→ Problem statement: Using the data below, return word for word every line from the one holding "T-cell surface glycoprotein" down to the one holding "Close up of". Leave pictures out.

→ Data provided:

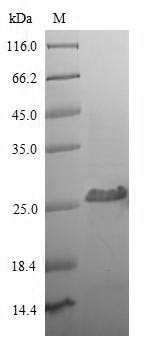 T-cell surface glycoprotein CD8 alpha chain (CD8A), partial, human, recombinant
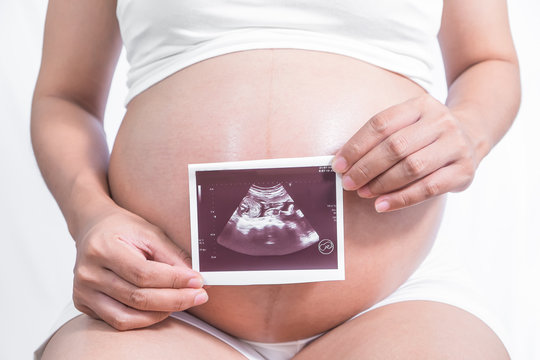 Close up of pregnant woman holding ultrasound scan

---

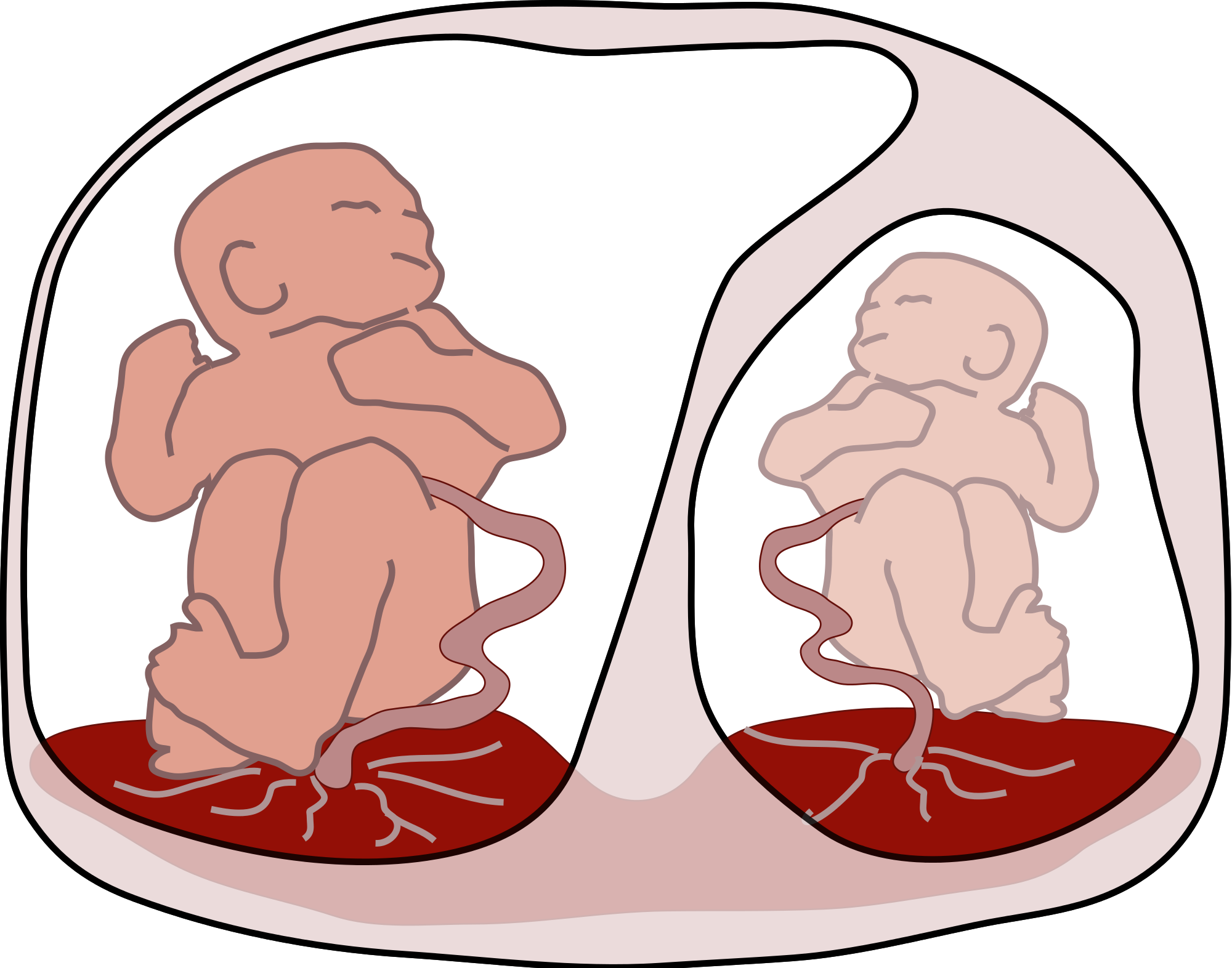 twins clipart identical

→ Answer to the problem:
 T-cell surface glycoprotein CD8 alpha chain (CD8A), partial, human, recombinant
 Close up of pregnant woman holding ultrasound scan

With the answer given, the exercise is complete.